The Ultimate CSS Selectors Cheat Sheet for Web Scraping

Valentina Skakun Valentina Skakun
Last update: 30 Apr 2024

There are several ways for data scraping. One of the most common is web scraping using CSS selectors.

Every website has it’s own structure similar at all it’s pages. And every HTML element at this site has its own address. Selectors, in it’s turn, allow to select the rules that will be used to select the html content of group of elements.

Different types of CSS selectors and their uses in Web Scraping

There are some CSS selector types that divide into groups depending on their purpose. The main CSS selector list contains:

Universal selectors

They are designated by the * sign, and mean all HTML elements. An example of a universal CSS selector:

* {
    font-family: Arial, Verdana, sans-serif;
 }

Tag selectors

Allows to apply the specified rule to all elements located inside the specified html tag. Tag selector example:

p {
  padding-bottom: 15px;
}

Class selectors

Applies the specified rule to all elements with class attribute. Example of class selector:

.center {
  text-align: center;
}

ID selectors

Applies the rule to all elements that have the id attribute specified by the rule. For example:

#footer {
  margin-top: 50 px;
}

Attribute selectors

They are used to selection attributes by name or value of particular attribute. There are following types of attribute selectors:

  • [attr] – selecting elements by the attribute name.

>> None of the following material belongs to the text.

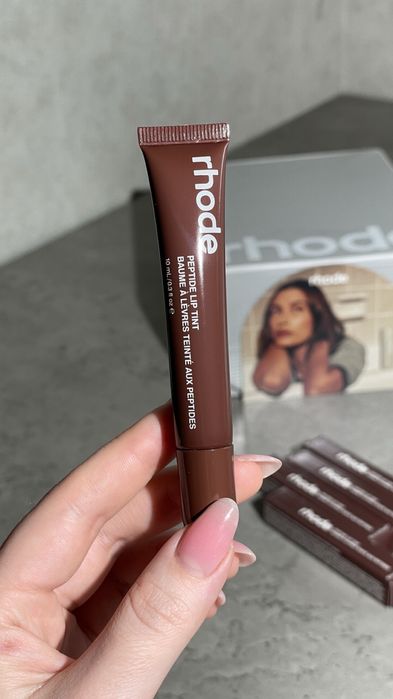 Rhode Peptide Lip Treatment Espresso - nowy, oryginalny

  • [attr=value] - selection based on the attribute name and its value.

  • [attr^=value] - selection based on the attribute name and the value to start with.

  • [attr|=value] - select by attribute name and its value, which is equal to bracketed.

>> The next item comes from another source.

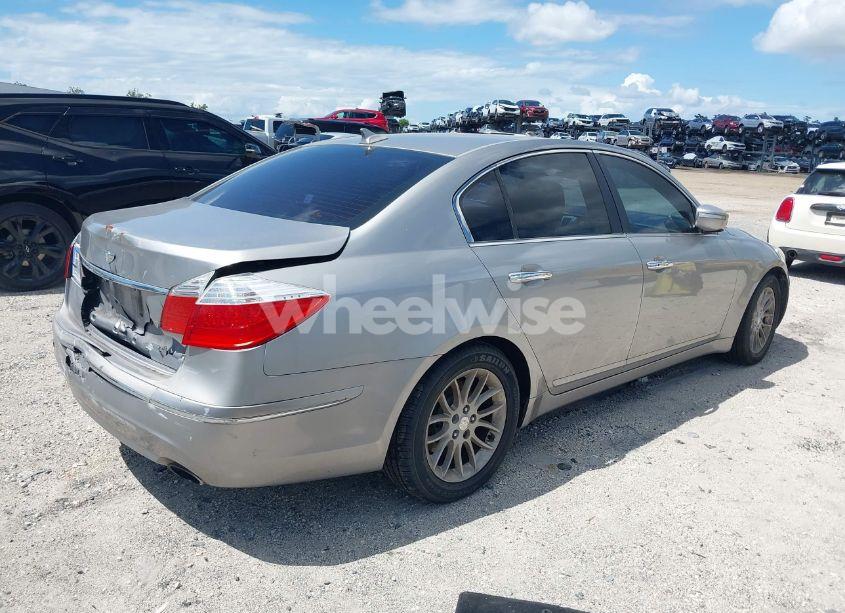 Photo 4 of 2011 Hyundai Genesis 3.8 (VIN KMHGC4DE1BU113157)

  • [attr$=value] - selection based on the attribute name and the value to end with.

  • [attr*=value] - selection based on the specified attribute containing the bracketed value.

  • [attr~=value] - selects by the specified attribute containing the value separated by space.

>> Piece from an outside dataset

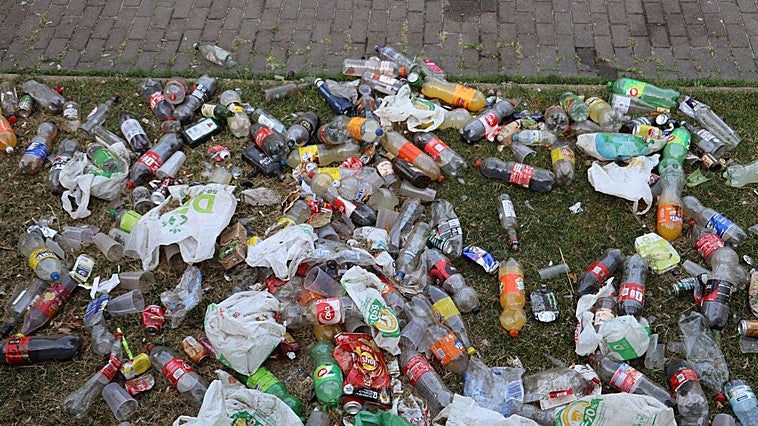 Las imágenes de la resaca del botellón de la noche de San Juan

With help of such css selectors one can collect a list of names or find data for strictly defined parameters among all products quickly. Simple example of such selector which uses href attribute:

[href*="google.com"] {
  background-color: green;
}

Descendant selectors or context selectors

Used for nested css selectors, for example:

.wraping p {
   padding: 30px;
}

Moreover, in this case, it does’t matter whether the element with the p attribute was the first child element in the class .wrapping or not. In other words, it can be nested in any other element.

Child selectors

Their main difference is that only first-level descendants are counted.

.wraping>p {
 padding: 35px;
}

Sister selectors, or neighboring (located on the same level)

Helps one to find the first matching element on the same level. They don’t have to follow each other. The ones that are closest to each other will be selected.

h2 + p {
   padding-bottom: 10px;
}

Pseudo-class selectors (state selectors)

Include css selectors which work with pseudo classes and describe certain actions performed on the object (hover, mouse click, etc.). For example:

a:hover {
   text-decoration: none;
}

As a rule, one uses only one of basic css selectors for scraping web pages: #id (for searching elements by ID), element (for searching by element name), .class (for searching by element different classes), [attribute] (for searching by attribute), and * (for selecting all elements).

So selectors allow one to select elements of the same type on all pages of the website: links, images, prices and etc. This means that using the information contained in the css selectors, one can quickly collect the data that is needed.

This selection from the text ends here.